The triple product rule, known variously as the cyclic chain rule, cyclic relation, cyclical rule or Euler's chain rule, is a formula which relates partial derivatives of three interdependent variables. The rule finds application in thermodynamics, where frequently three variables can be related by a function of the form f(x, y, z) = 0, so each variable is given as an implicit function of the other two variables. For example, an equation of state for a fluid relates temperature, pressure, and volume in this manner. The triple product rule for such interrelated variables x, y, and z comes from using a reciprocity relation on the result of the implicit function theorem, and is given by

${\displaystyle \left({\frac {\partial x}{\partial y}}\right)\left({\frac {\partial y}{\partial z}}\right)\left({\frac {\partial z}{\partial x}}\right)=-1,}$

where each factor is a partial derivative of the variable in the numerator, considered to be a function of the other two.

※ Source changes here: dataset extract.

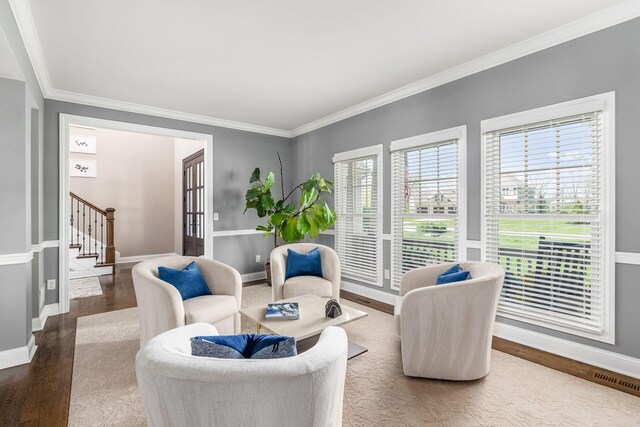 sitting room with wood finished floors, stairs, baseboards, and ornamental molding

The advantage of the triple product rule is that by rearranging terms, one can derive a number of substitution identities which allow one to replace partial derivatives which are difficult to analytically evaluate, experimentally measure, or integrate with quotients of partial derivatives which are easier to work with. For example,

${\displaystyle \left({\frac {\partial x}{\partial y}}\right)=-{\frac {\left({\frac {\partial z}{\partial y}}\right)}{\left({\frac {\partial z}{\partial x}}\right)}}}$

Various other forms of the rule are present in the literature; these can be derived by permuting the variables {x, y, z}.

## Derivation

An informal derivation follows. Suppose that f(x, y, z) = 0. Write z as a function of x and y. Thus the total differential dz is

${\displaystyle dz=\left({\frac {\partial z}{\partial x}}\right)dx+\left({\frac {\partial z}{\partial y}}\right)dy}$

Suppose that we move along a curve with dz = 0, where the curve is parameterized by x. Thus y can be written in terms of x, so on this curve

${\displaystyle dy=\left({\frac {\partial y}{\partial x}}\right)dx}$

Therefore, the equation for dz = 0 becomes

${\displaystyle 0=\left({\frac {\partial z}{\partial x}}\right)\,dx+\left({\frac {\partial z}{\partial y}}\right)\left({\frac {\partial y}{\partial x}}\right)\,dx}$

Since this must be true for all dx, rearranging terms gives

${\displaystyle \left({\frac {\partial z}{\partial x}}\right)=-\left({\frac {\partial z}{\partial y}}\right)\left({\frac {\partial y}{\partial x}}\right)}$

Dividing by the derivatives on the right hand side gives the triple product rule

${\displaystyle \left({\frac {\partial x}{\partial y}}\right)\left({\frac {\partial y}{\partial z}}\right)\left({\frac {\partial z}{\partial x}}\right)=-1}$

Note that this proof makes many implicit assumptions regarding the existence of partial derivatives, the existence of the exact differential dz, the ability to construct a curve in some neighborhood with dz = 0, and the nonzero value of partial derivatives and their reciprocals. A formal proof based on mathematical analysis would eliminate these potential ambiguities.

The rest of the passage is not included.